The ODO, updated very frequently, has also recently introduced text-speak acronyms like OMG and LOL.
Selfie (n, informal) is used to describe an individual who takes a photo of himself with a smartphone or webcam and posts it on a social media website. The word might have become popular with the introduction of the social network site 'MySpace.com.'
Twerk (v) might be the most used word online after pop star Miley Cyrus's performance at the recently held MTV Video Music Awards. The word refers to dancing to a popular music in a sexually provocative manner that features thrusting hip movements and a low, squatting stance.
Phablet (n) is referred to a smartphone whose screen size is something between a typical smartphone and a tablet computer.
TL; DR, the acronym of 'too long; didn't read' is normally used online to describe a long text post. The acronym can be used to either express sarcasm or in honesty.

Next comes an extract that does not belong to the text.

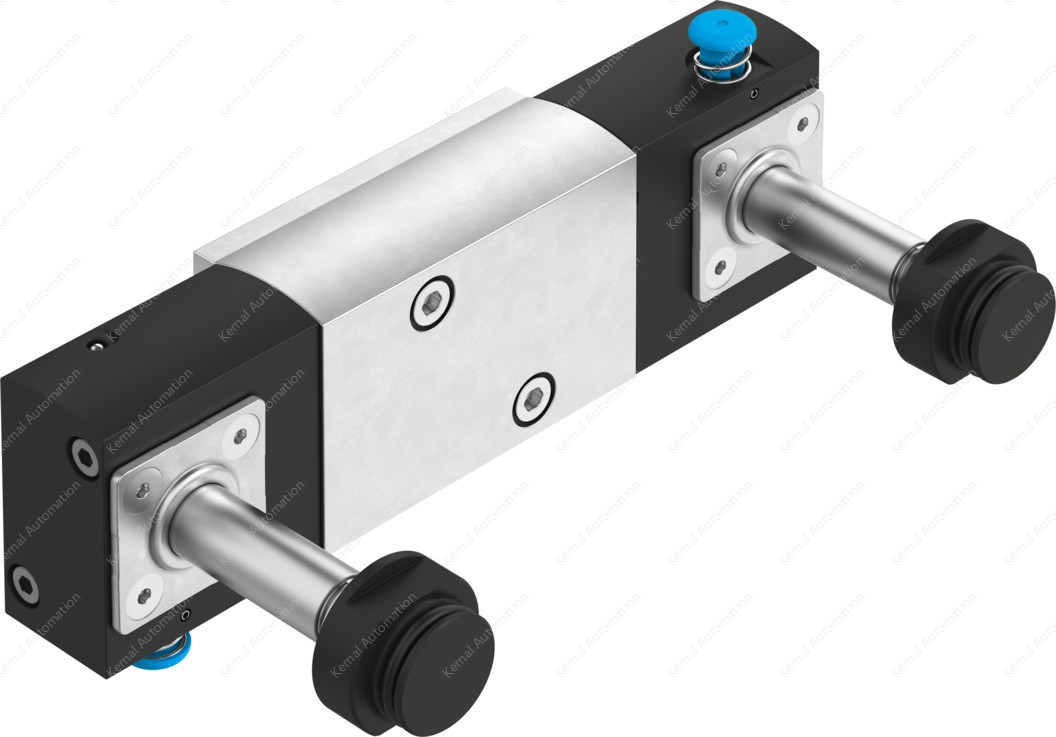 VSNC-F-P53C-MH-G14-F19 (FESTO)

Srsly is an acronym for seriously.
"New words, senses, and phrases are added to Oxford Dictionaries Online when we have gathered enough independent evidence from a range of sources to be confident that they have widespread currency in English. Portmanteau words, or blends of words, such as phablet and jorts, remain popular, as do abbreviations, seen in new entries such as srsly and apols," said Angus Stevenson, Oxford Dictionaries Online.
"Each month, we add about 150 million words to our corpus database of English usage examples collected from sources around the world. We use this database to track and verify new and emerging words and senses on a daily basis," Stevenson said.